Ohne gutes Money-Management kann einem auch die beste Wett-Strategie nichts nutzen, sodass man von Vornherein zum Scheitern verurteilt ist. Wer also seine Gewinne maximieren und sein disziplinarisches Wettverhalten fördern möchte, der sollte auf jeden Fall eine Art des Money-Managements anwenden. Wir bieten euch hier eine Übersicht der gängigsten Modelle.

Grundlagen: Was gilt es auf jeden Fall zu beachten?

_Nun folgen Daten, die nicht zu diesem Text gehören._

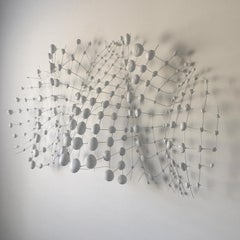 Contemporary white minimalist wall sculpture made from natural materials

Auch, wenn effizientes Money-Management noch nicht klar definiert werden konnte, gibt es vier Regeln, die für eine erfolgreiche Verwaltung des Kapitals von Bedeutung sind:

  1. Das für Wetten zur Verfügung stehende Kapital ist fest und wird nicht anderweitig genutzt. Ein Totalverlust darf keine Konsequenzen für das Privatleben nach sich ziehen.
  2. Das gewählte Money-Management-System muss dem eigenen Charakter entsprechen (Risiko-Typ) und beibehalten werden.
  3. Mittels Money-Management soll das Risiko eines Totalverlustes auf ein Minimum reduziert werden. Kommt es zu mehreren Verlusten hintereinander, muss das Wett-System beibehalten werden können.
  4. Das angewandte Money-Management Wett-System muss auf Gewinn ausgerichtet sein.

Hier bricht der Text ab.